Scott Creek, also called Scotts Creek, is a 12.2 mi stream and surfspot in Santa Cruz County, California. It is a few miles north of Davenport and a few miles south of Waddell Creek.

==History==
The first European land exploration of Alta California, the Spanish Portolà expedition, traveled along the coast on its way north, and again on the return. The party camped on the hill above the confluence of Scott Creek and Molino Creek - in sight of the beach - on October 19, 1769. On the return journey to San Diego, the party camped at the same location on November 20. Franciscan missionary Juan Crespi noted in his diary, "At the foot of the hill run two very copious streams, one to the right and the other to the left."

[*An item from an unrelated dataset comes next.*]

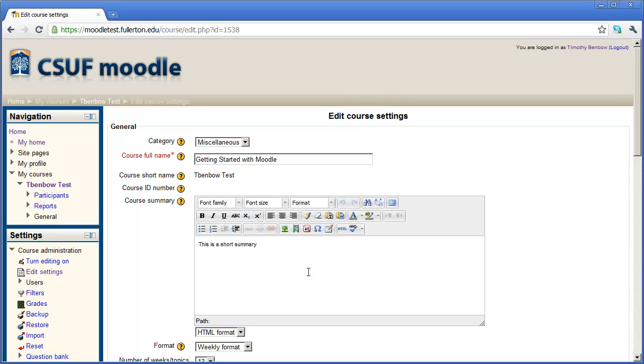In the next video, I'm going to show you how to add resources to a particular topic or week inside of your course.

Scott Creek is named for Hiram Scott, who in 1852 bought part of the Rancho Agua Puerca y las Trancas. Scott, for whom Scotts Valley is also named, bought Rancho San Agustin (now Scotts Valley) in the same year.

==Watershed==
Scott Creek is a small coastal California watershed draining approximately 75 sqmi. It empties into the Pacific Ocean 80 km south of San Francisco. Large waterfalls form impassable barriers on each of the main tributaries.

==Ecology==
Anadromous steelhead trout (Oncorhynchus mykiss) and coho salmon (Oncorhynchus kisutch) can access approximately 14.3 mi of stream between the estuary and natural upstream barriers of the main stem and the three main tributaries, Little, Big, and Mill creeks. In 1995 a review of coho south of San Francisco Bay found coho restricted to only one remnant population in Waddell Creek, one small naturalized (hatchery-influenced) population in Scott Creek and a small hatchery-maintained, non-native run in the San Lorenzo River, all in Santa Cruz County. Historically, coho were found in approximately 50 coastal drainages in San Mateo and Santa Cruz counties, but by the 1960s spawning runs were limited to 11 stream systems. The 1995 combined average annual spawning population of native and naturalized coho salmon in Waddell and Scott Creeks was estimated at only 50-60 adults, comprising only 1.5% of the estimated abundance of coho salmon south of San Francisco Bay in the early 1960s. Coho have returned as a result of stocking efforts at the Kingfisher Flat Hatchery on Scott Creek's Big Creek tributary.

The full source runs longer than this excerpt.